Enter bagging (bootstrap aggregration). To generate different training sets from a single training set we randomly sample the original training set. Some people sample with replacement, others don’t, but the main objective is to have the training sets be relatively large but as different as possible.

Then we train a completely overfit tree on each training set. Why do we want the tree to be overfit? Because then the bias is near zero. Our little averaging trick doesn’t work if the individual models have bias, because the bias will compound and undo the benefit we gain from reduced variance.

I trained a bagged tree model on the hotel data and the resultant classifier produced a RMSE of 0.787 stars, which is definitely an improvement over the 0.927 star RMSE of the single decision tree.

Random Forests

So, the bagging trick is pretty exciting. This technique will almost always produce better results than a single base learner could. But how can we do even better than bagging? Then answer lies in our technique for producing different base models. Yes, our individual decision trees are producing different predictions because they use slightly different training sets, but slightly is the operative word here.

We need to have even more difference between the individual trees to get better results. So, how can we introduce more randomness? Well, instead of using every feature as possible columns to be split on, we could also randomly sample features to use. But not only do we randomly sample new features for each tree we actually randomly sample a different set of features for each split of each tree. A model that uses this technique for creating more variation in the individual trees is called a Random Forest.

Notice that bagging could be applied to any base learning model, but Random Forests are specific to trees and this is why the name of the ensembling method alludes to trees: many trees make a forest.

In the case of our hotel data, the Random Forest improved on the result of the bagged trees. The Random Forest achieved a RMSE of 0.745 stars. As we train a Random Forest, we can estimate the test error using what’s called the out-of-bag (OOB) error. You do this by predicting the output of each row using only the trees that row wasn’t included in. The following graph shows how the OOB error decreased as more and more trees were added to the ensemble.

Random Forest

Notice that the OOB error of the first tree is horrible.
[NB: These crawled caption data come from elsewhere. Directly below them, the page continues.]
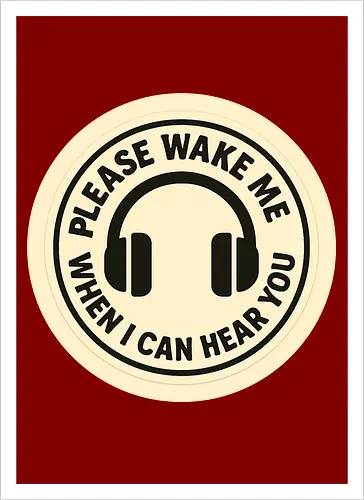 Please wake me when I can hear you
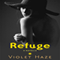 Refuge: A Novella (Unabridged) audio book by Violet Haze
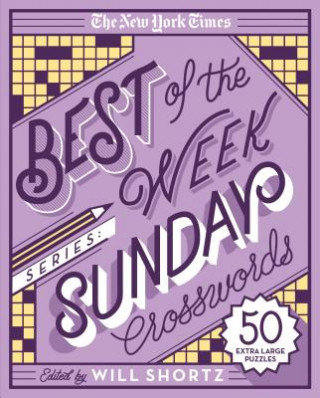 Könyv The New York Times Best of the Week Series: Sunday Crosswords: 50 Extra Large Puzzles The New York Times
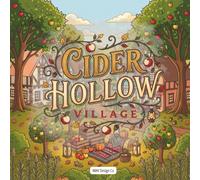 Cider Hollow Village: A Cozy Fall Coloring Book of Apple Orchards, Village Shops, Harvest Carts, Lanterns, and Country Charm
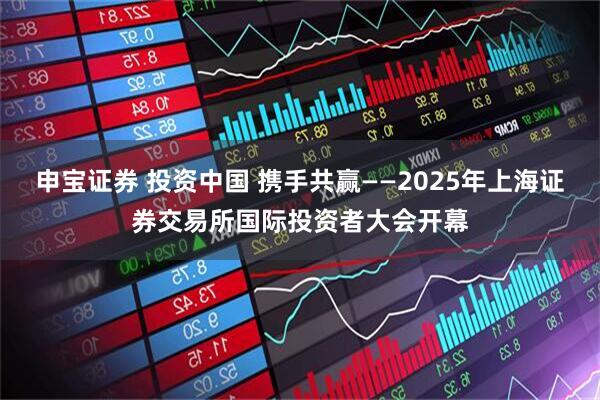 申宝证券 投资中国 携手共赢——2025年上海证券交易所国际投资者大会开幕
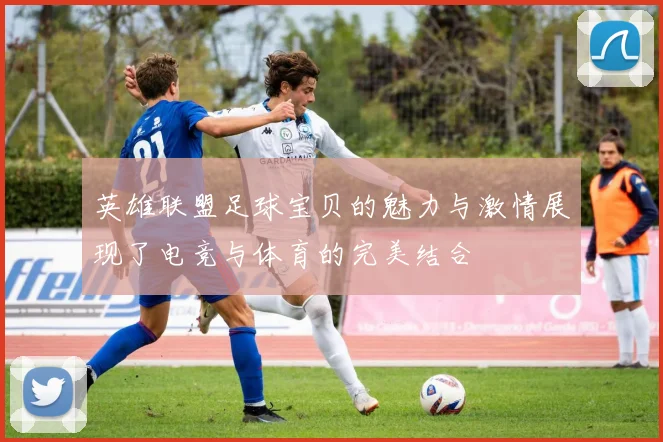 英雄联盟足球宝贝的魅力与激情展现了电竞与体育的完美结合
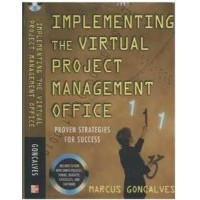 Implementing the Virtual Project Management Office - Sem CD de Marcus Goncalves 7088397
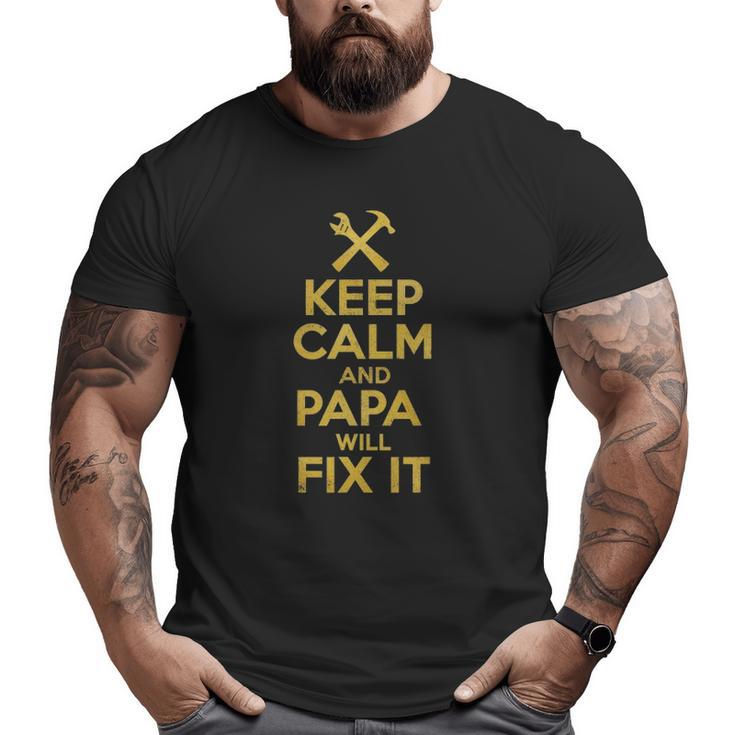 Father's Day Handyman Keep Calm And Papa Will Fix It Big and Tall Men T-shirt
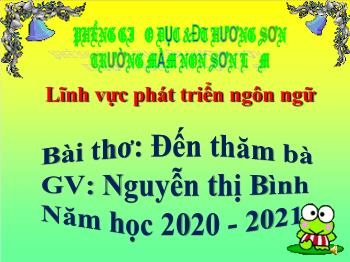 Bài giảng Mầm non Lớp Mầm - Đề tài: Đến thăm bà - Năm học 2020-2021 - Nguyễn Thị Bình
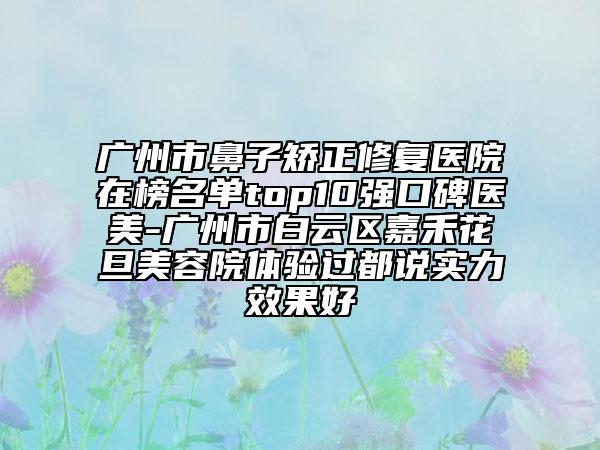 廣州市鼻子矯正修復(fù)醫(yī)院在榜名單top10強(qiáng)口碑醫(yī)美-廣州市白云區(qū)嘉禾花旦美容院體驗(yàn)過(guò)都說(shuō)實(shí)力效果好
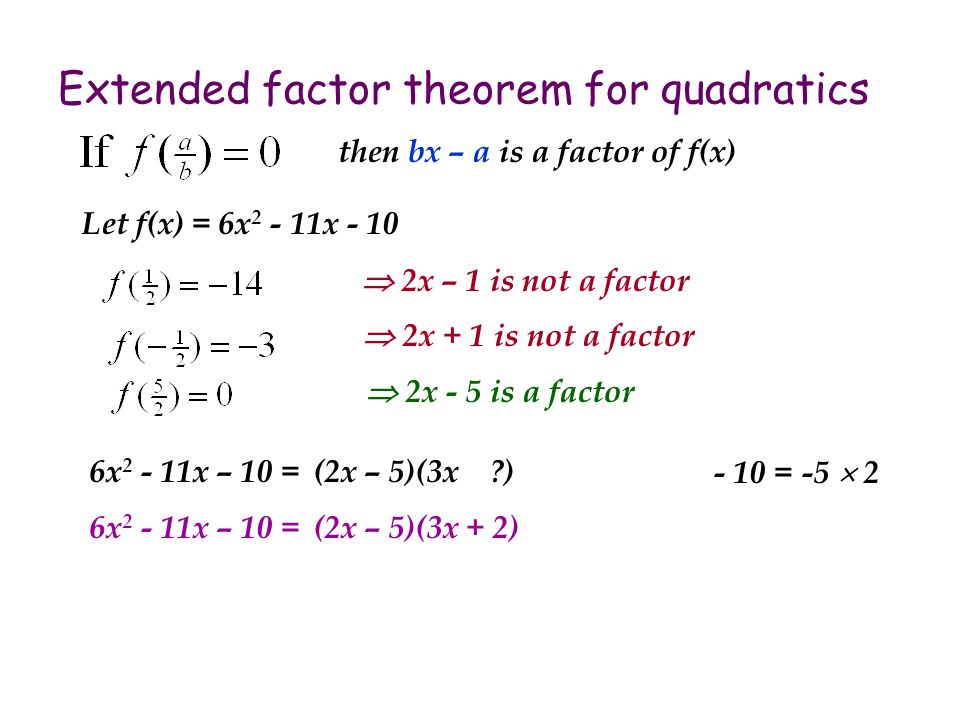 The Factor Theorem The Factor Theorem States That If F A 0 For A Polynomial Then X A Is A Factor Of The Polynomial F X Example F X X 2 X The Factor Theorem The Factor Theorem States That If F A 0 For A Polynomial Then X A Is A Factor Of The Polynomial F X Example F X X 2 X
This is due to the individual trees being completely overfit to minimize bias. But, as more trees are added, the OOB error due to variance decreases very quickly. By the time there are 50 trees most of the improvement has been realized. You typically see a slower dropoff for larger datasets.
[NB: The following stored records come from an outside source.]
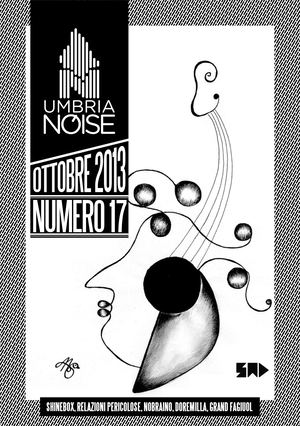 UMBRIA NOISE N.17 (OTTOBRE 2013)
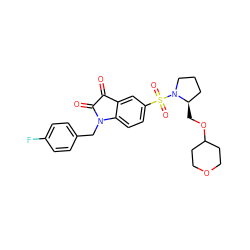 O=C1C(=O)N(Cc2ccc(F)cc2)c2ccc(S(=O)(=O)N3CCC[C@H]3COC3CCOCC3)cc21 ZINC000040848675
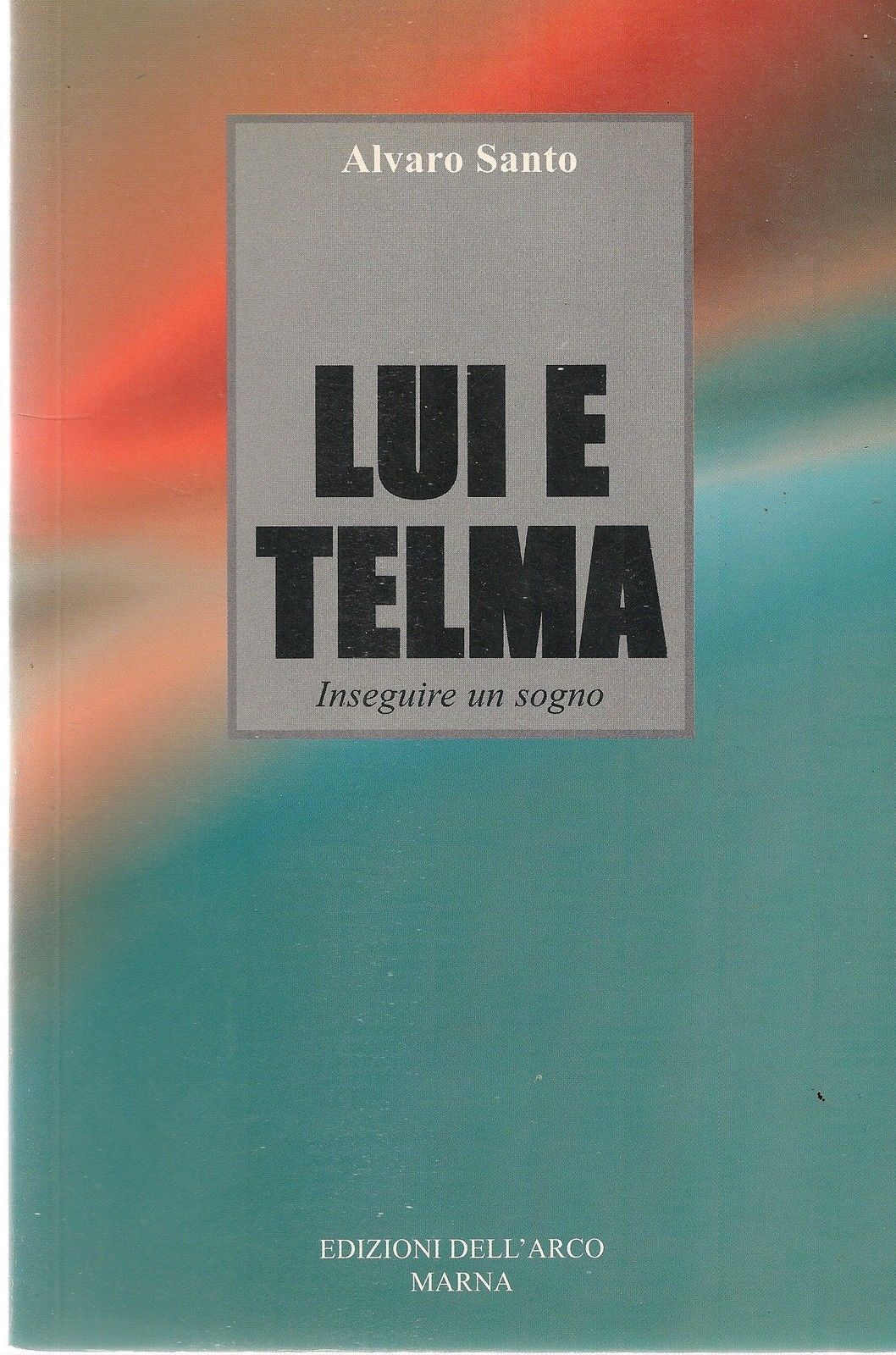 LUI E TELMA -ALVARO SANTO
Other Advancements in Tree Ensembling

So, I guess there really is wisdom in crowds. Random Forests are great models. They have very few tuning parameters (number of trees and number of features to sample at each split) and yet in a 2006 study of various machine learning algorithms, including SVMs, Neural Networks and other standard models, Random Forests were found to have the best average performance, second only to boosting ensembles.

Boosting is a class of ensemble algorithms where each new base learner tries to correct the mistakes of the current ensemble in some fashion. This contrasts with Random Forests, because the individual base learners are unaware of each other’s performance in a Random Forest. Adaboost is a popular boosting technique for classification. It assigns weights to the rows in your training set and these weights get larger over time if that particular row is being frequently misclassified by the existing group of trees. The new trees use a modified split metric that uses the weights to try take better care of the higher weight rows.

Another recent advancement in tree ensembling is Rotation Forests. These ensembles try to rotate the feature space with a rotation matrix for each individual tree in the ensemble. This helps because trees can only form decision boundaries that are perpendicular to feature axes. If your data happens to have optimal decision boundaries that are more “diagonal” the trees will probably approximate this boundary fairly poorly. There are some lofty claims that Rotation Forests can outperform Random Forests and Adaboost, but I guess only time will tell.